What to do: Look through the entries below for the line with "Mumbai: Amid Rising" and the line with "421 West St #8 - Photo 4 of 7", then give again exactly those two lines and all lines between them, minus the pictures.

Data listing:

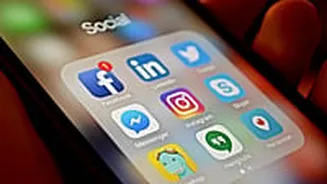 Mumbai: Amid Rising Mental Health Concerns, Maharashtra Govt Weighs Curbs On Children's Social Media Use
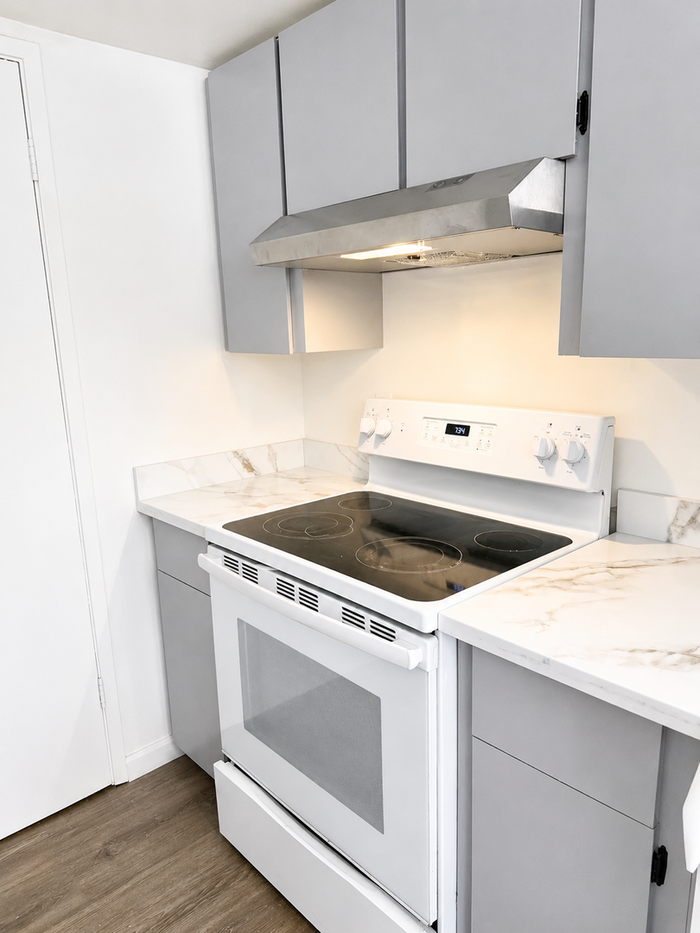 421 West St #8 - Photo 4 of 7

---

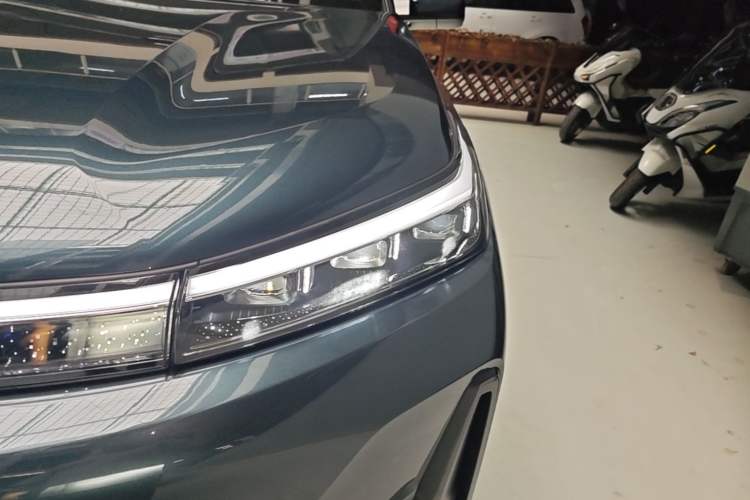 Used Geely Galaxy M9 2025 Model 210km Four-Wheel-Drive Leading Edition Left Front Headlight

Response to this task:
 Mumbai: Amid Rising Mental Health Concerns, Maharashtra Govt Weighs Curbs On Children's Social Media Use
 421 West St #8 - Photo 4 of 7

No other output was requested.